De Nero aos dias de hoje, ninguém que
vandalizou em nome do Estado foi estigmatizado. O presidente George Bush também
nunca foi chamado de vândalo, apesar de ter indignado a comunidade
internacional quando comandou o saqueio no Iraque e destruiu, entre outros, o
Museu de Arqueologia de Bagdá, sacrificando milhares de vidas humanas, inclusive
de civis.
Wandali conquisiti
Ou seja, parece que bárbaros - como
queria Montaigne - são sempre os outros, os derrotados, porque quem ganha tem o
poder de nomear, de batizar, de dar nome aos bois, de classificar e de dizer
quem é e quem não é vândalo. E no séc. VIII, os vândalos foram definitivamente
derrotados: Wandali conquisiti sunt. Não sobrou nenhum para contar
a história. Diz um provérbio da Nigéria: "enquanto os leões não tiverem
seus próprios historiadores, as histórias de caça sempre glorificarão o
caçador".
Um caçador de São Paulo, governador
Geraldo Alckmin, com aquela cara de babaca - desculpem baixar o nível, mas que
ele tem cara de babaca tem - e o prefeito da capital, Fernando Haddad - que não
tinha, mas está se esforçando pra ter - justificaram inicialmente a
repressão policial. Naquele momento, para eles, quem protestava contra o
aumento do preço da passagem de ônibus era vândalo. As manifestações cresceram,
o governo recuou e finalmente reconheceu que nem todo manifestante era vândalo.

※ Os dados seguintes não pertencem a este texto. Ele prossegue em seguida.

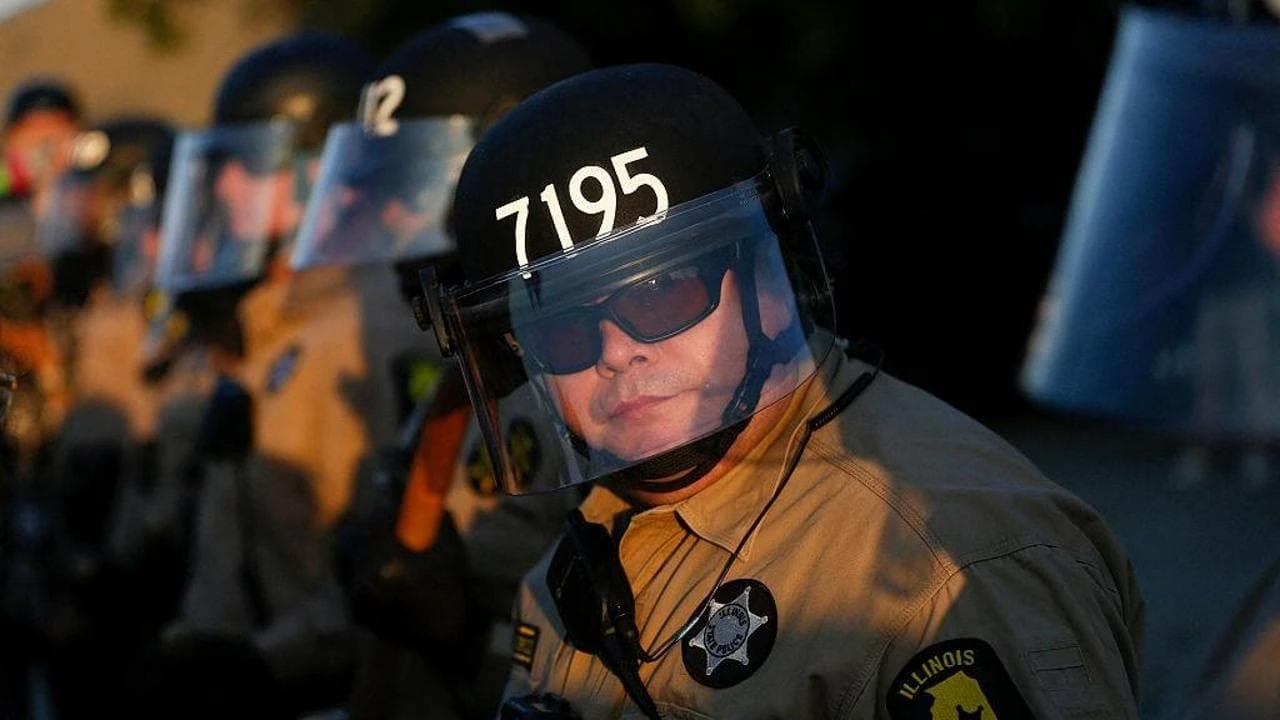 Aliens.gov, il finto sito sugli Ufo creato da Trump per segnalare immigrati all’ICE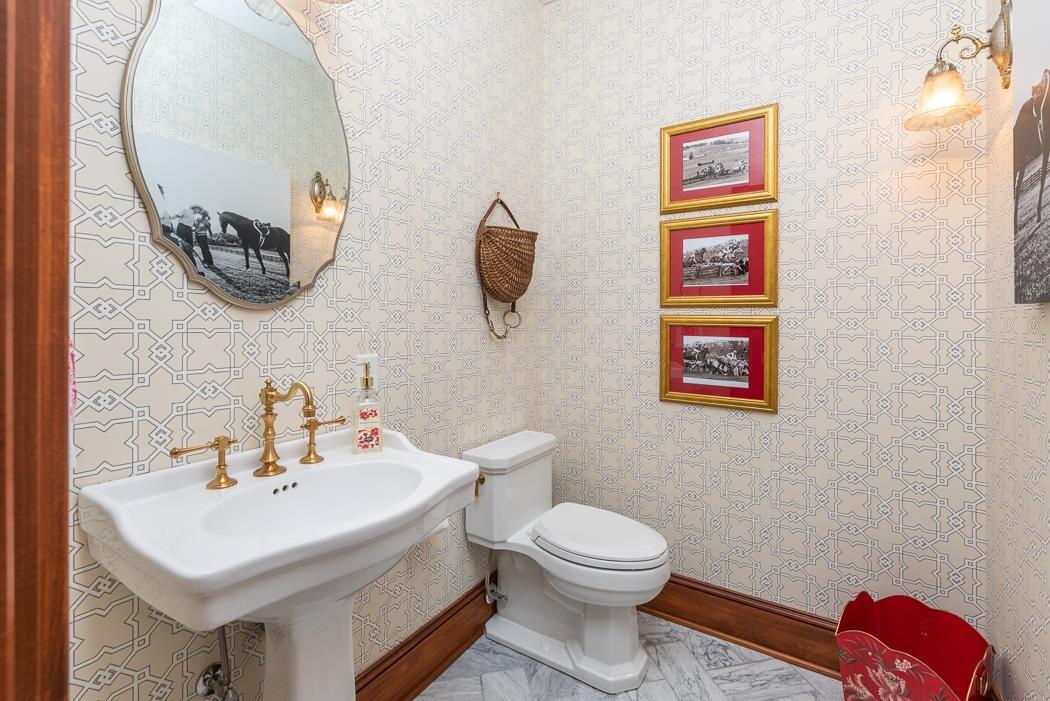 950 Lea Port Road Verona, VA 24482 - Photo 47 of 75 a bathroom with a toilet a sink and mirror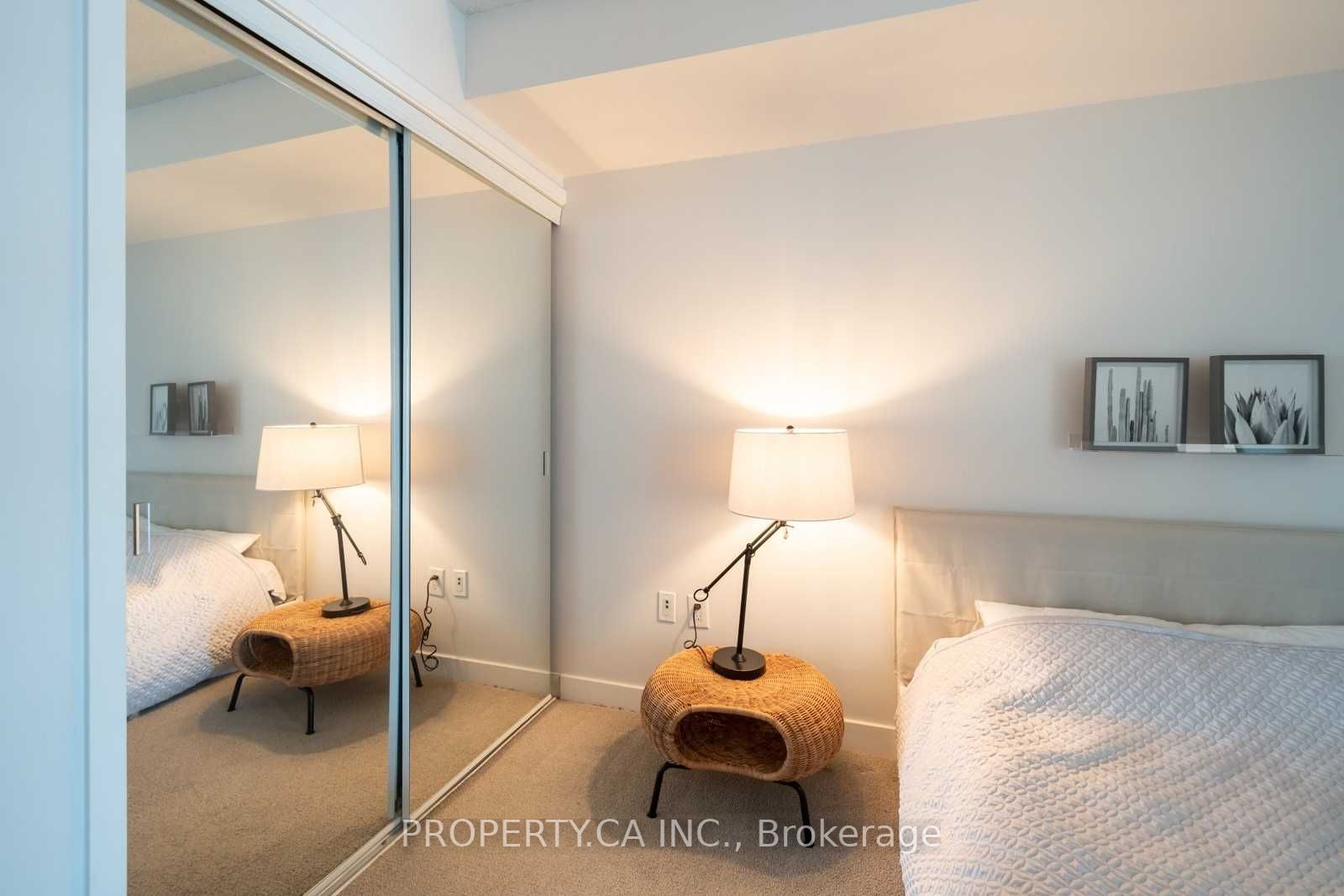 4K Spadina Ave, #317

No Rio de Janeiro, o governador Cabral,
com cara de Alckmin, declarou que a Polícia Civil havia identificado pelo menos
cinco grupos que "vem cometendo atos de vandalismo, lesões
corporais e furtos". Na lista, estão "os anarcopunks, os
militantes de partidos políticos mais radicais (não mencionou quais), os
brigões oriundos de torcidas de futebol, os neonazistas e os bandidos de
facções criminosas". Faltou nomear mais dois grupos: a própria
polícia que promoveu quebra-quebra e os revoltados, que estão putos da vida.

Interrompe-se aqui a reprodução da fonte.